Yes, Japan was the most indebted country in the world in 2008. As the accompanying table indicates, on the basis of this indicator Japan was worse off than, of all places, Zimbabwe! Moreover, Japan’s ratio of 196% rose to at least 219% last year according to the International Monetary Fund and is projected to rise further. 

Is it fair to ask Japan to write off debt of other countries owed to it? Should Greece itself, a developed country and member of DAC, which is skirting with default, ask for “forgiveness” – and throw global markets into a further tizzy?  

In the 1990s Japan tried to shore up zombie banks, stimulate its economy out of the doldrums and lost its way trying. With little growth to show, the spending trend continued beyond the year 2000 and the debt to GDP ratio doubled in just over a decade. 

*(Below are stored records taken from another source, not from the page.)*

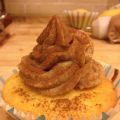 cupcake con frosting chantilly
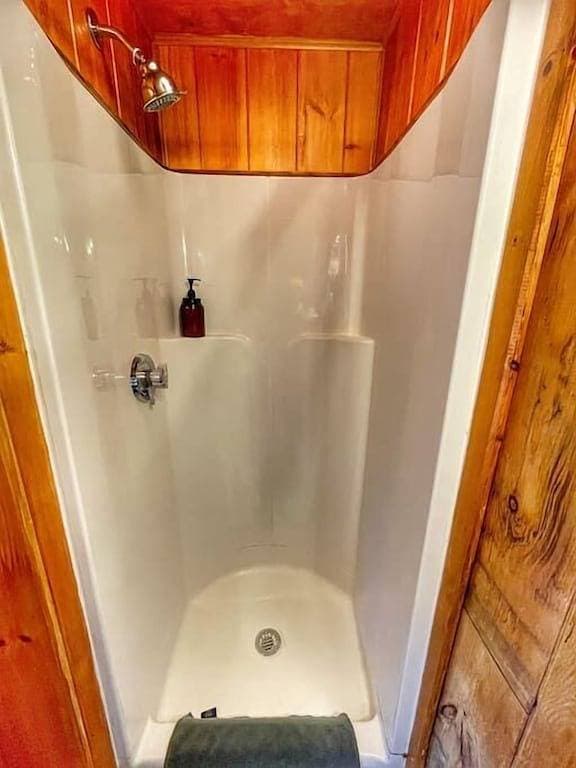 Foto 4 von 25: 10 1Br Acadia Cottage w/AC Open Hearth Inn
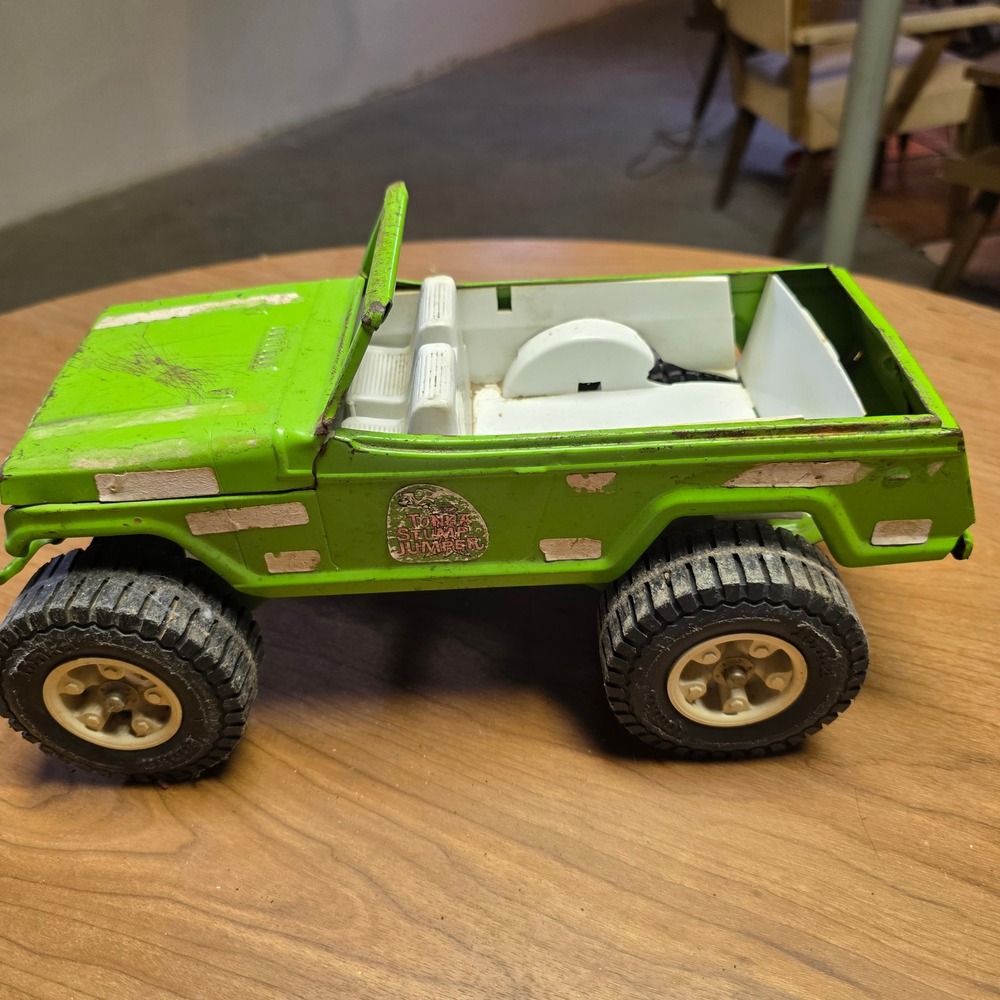 Tonka‎ 13" Vintage Stump Jumper Jeepster Pressed Steel Truck Green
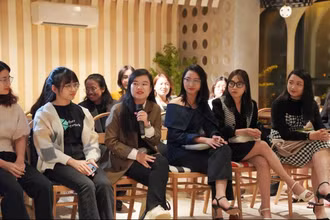 Khách mời thảo luận cùng diễn giả về cơ hội xây dựng nghề nghiệp của phụ nữ trong thế giới Web 3.0.
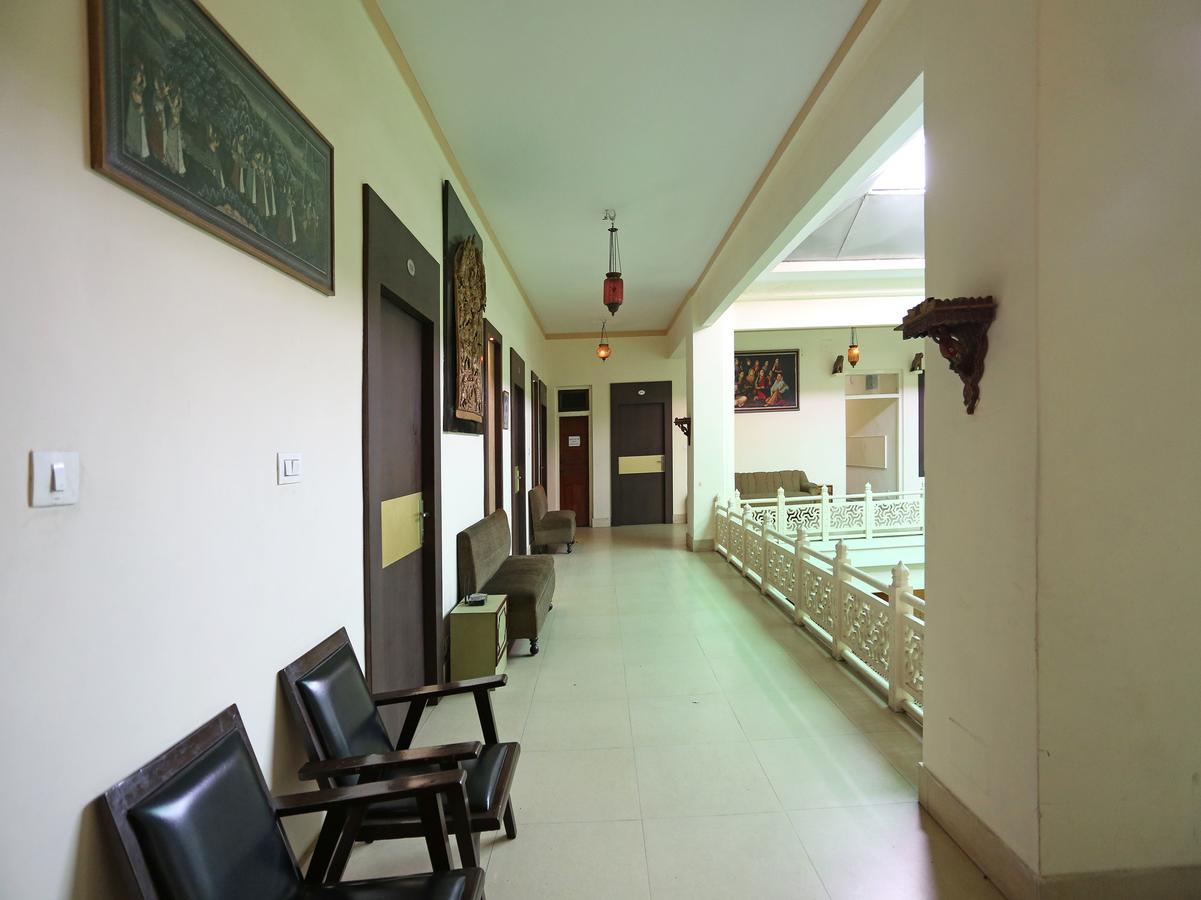 Oyo 7880 Hotel Navrang Kota  Exterior photo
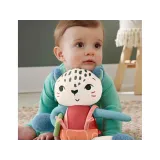 widok pantery z szeleścikami w bucikach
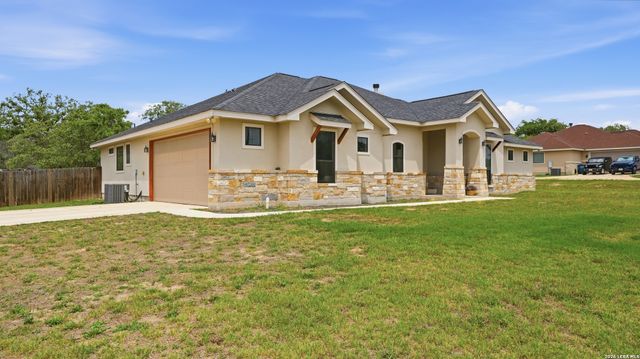 129 SENDERA XING, La Vernia, TX 78121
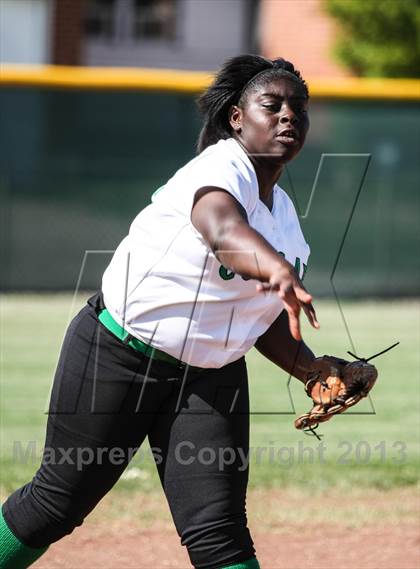 Thumbnail 1 in Pinkston [L. G.] @ Adams [Bryan] (UIL 4A Bi-District Playoff) photogallery.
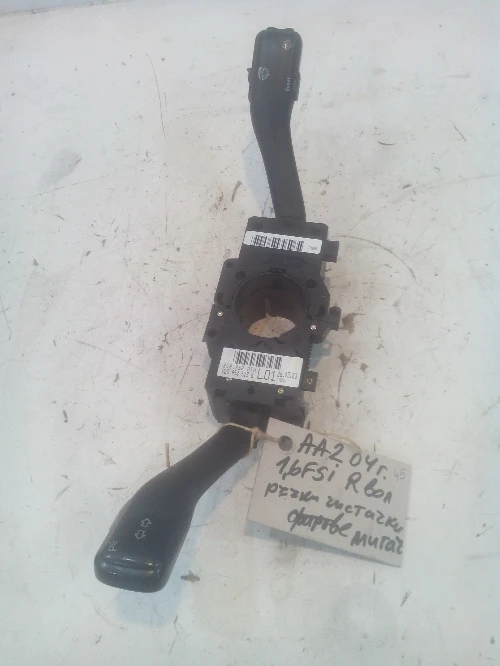 Ключ мигач чистачки Ауди А2 1.6 Fsi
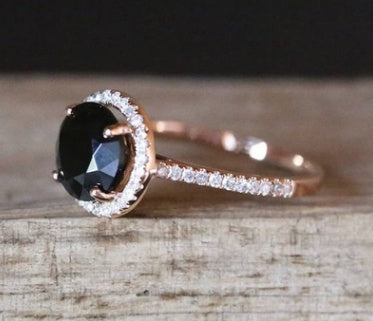 New Inlaid Natural Black Gemstone Rose Gold Plated Ring With Micro Studded Diamonds For European AmericanStyle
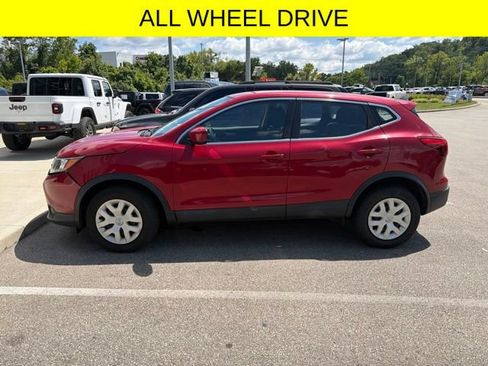 Used 2018 Nissan Rogue Sport S AWD/4WD image 4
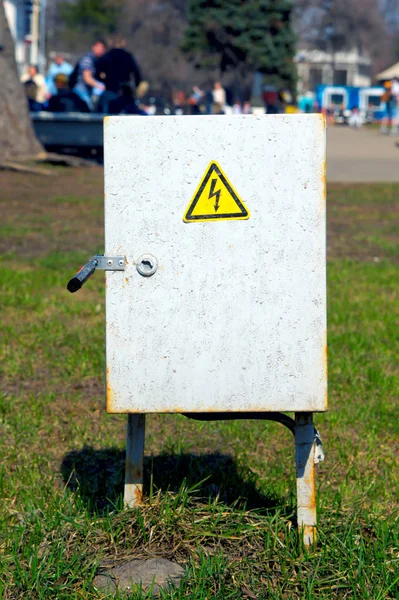 Alte Schalttafel Auf Der Straße — Stockfoto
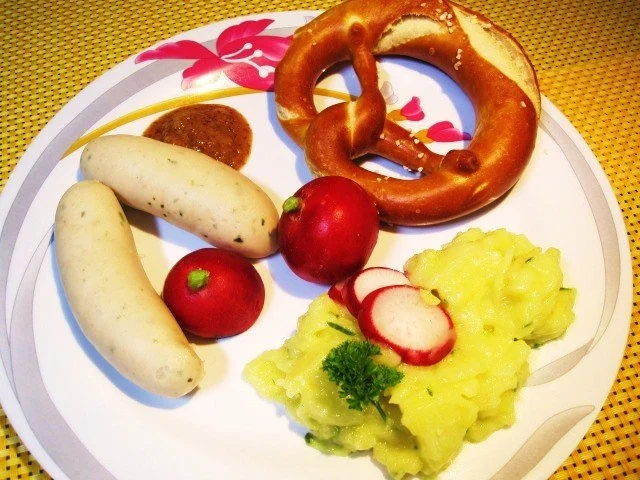 Rezept: Weisswurst garniert ... Bild Nr. 4 Weisswurst garniert ... - Rezept - Bild Nr. 4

In the poor countries debt is seen as an obstacle to development. Debt is considered too high when it has to be repaid – but not enough when it is disbursed. Hardly anyone asks: “How was the money spent?” 

While the indebtedness of developed countries is tracked and analyzed, there is much less accountability regarding debt of developing countries. The UN focuses on eradicating poverty by 2015 in accordance with its “Millennium Development Goals” adopted in 2000. In 2005 the Group of 8, the World Bank and the IMF all decided to pitch in to reduce developing country indebtedness to “sustainable levels.” Sustainable? “For how long?” was always the response of Wall Street wags! Another UN summit in September will produce more exhortations. 

Clamoring for debt relief for the poor by the rich seems incongruous when the most indebted is one of the richest countries while one of the poorest has no debt at all.  

Government gross debt as percent of GDP in 2008:Countries with indebtedness exceeding 100%

Country       Percent
Greece         101   
Italy            106
Burundi       127
Jamaica       128
Zimbabwe    189      
Japan          196  
Source: World Economic Forum, “The Global Competitiveness Report 2009-2010.” 

Vincenzina Santoro is an international economist and represents the American Family Association of New York at the United Nations.